Mereka pun masuk ke dalam gubug tersebut.
"Nak, kenapa kalian berani ke tempat ini?. Dari dulu tidak pernah ada orang yang ingin ke hutan ini karena terkenal angkernya." Tanya si nenek
"Begini nek, sebenarnya kami dari kerajaan. Kami ingin mencari seseorang yang dapat menyembuhkan putri dari raja. Tetapi setelah kami berkuda begitu jauh, tidak satu pun mereka bisa membantu kami." jawab salah satu prajurit
"Tetapi kalian berani sekali datang ke hutan ini, apakah kalian tidak takut dengan cerita yang ada di masyarakat?" Tanya nenek itu
"Sebenarnya kami takut nek, tetapi raja kami pergi ke arah sini jadi kami harus mengikutinya. Lalu nenek sendiri mengapa tinggal di tengah hutan ini?, sendirian pula."Tanya salah satu prajurit.
"Akulah yang menunggu hutan ini, sebenarnya akulah yang membuat cerita itu. Aku membuat cerita hantu tentang hutan ini karena aku ingin melindungi hutan ini dari manusia - manusia yang gila. Lalu ada apa dengan putri raja" jawab nenek itu
"Dia adalah wanita yang sangat cantik, tetapi sayangnya dia sangat sombong. Raja tidak tahu bahwa anaknya sangat sombong. Pada suatu hari raja melihat sendiri perilaku anaknya lalu dia mengutuknya menjadi seekor angsa dan dia tidak bisa kembali seperti semula." Jelas salah satu prajurit.
"Dimana rajamu sekarang?" tanya nenek itu
"Beliau berada di luar nek." jawab salah satu prajurit
Kemudian nenek itu menuju keluar gubug itu dan berbicara kepada raja.
"Yang Mulia, aku tahu bagaimana cara mengembalikan putrimu seperti semula."

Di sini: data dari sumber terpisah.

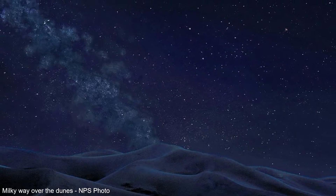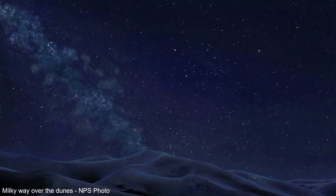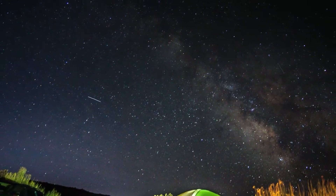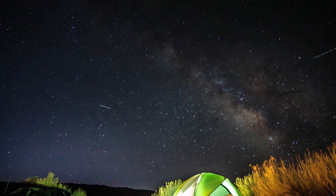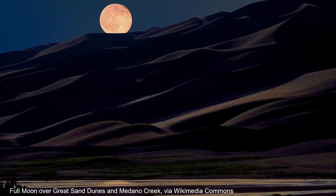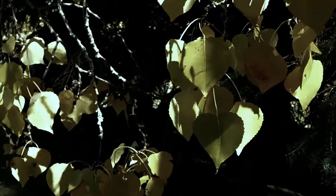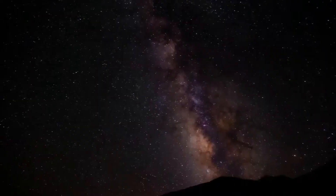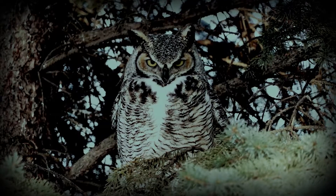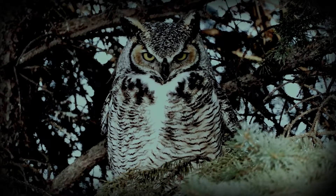Ranger Ian's favorite thing about the sand dunes at night is watching for meteors from his tent. Ranger Ian says an overnight camper might see many stars, the Milky Way, meteors, planets, and the moon. They might hear wind blowing through the trees, nocturnal insects, owls, and coyotes.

"B...bagaimana caranya?" tanya sang raja
"Berikanlah 100 orang 100 keping emas dan makanan, lalu belilah kain berwarna putih dan tutuplah putrimu dengan kain putih itu. Suruhlah 100 orang yang kau berikan 100 keping emas dan makanan itu memegang kain putih yang dipakai sang putri. Tunggulah semalaman, putrimu akan kembali seperti semula pada keesokan harinya." jelas si nenekRaja pun berterima kasih pada nenek itu dan mengajak para prajuritnya untuk pulang ke kerajaan. Sesampainya di kerajaan sang raja menjalankan solusi dari nenek di gubug itu. Semua berjalan dengan lancar, raja tidak sabar ingin melihat putrinya kembali seperti semula. Dia pun pergi ke kamar putrinya dan duduk di depan pintu kamarnya hingga matahari terbit.
Saat matahari terbit, raja pun memasuki kamar sang putri. Alangkah terkejutnya raja mengetahui anaknya kembali seperti semula. Kemudian sang raja memeluknya, mereka menangis haru bersama. Raja memeluk sang putri dan menasehatinya agar tidak sombong lagi. Putri pun menerimanya dan dia pun tidak sombong lagi. Raja yang sangat senang membuat pesta besar-besaran untuk kembalinya anaknya. Raja juga memanggil si nenek dari gubug itu untuk datang kepestanya. Nenek itu datang dan dia juga membongkar semua tentang hutan terlarang itu. Akhirnya, kerajaan pun kembali menjadi kerajaan yang bahagia dan sejahtera.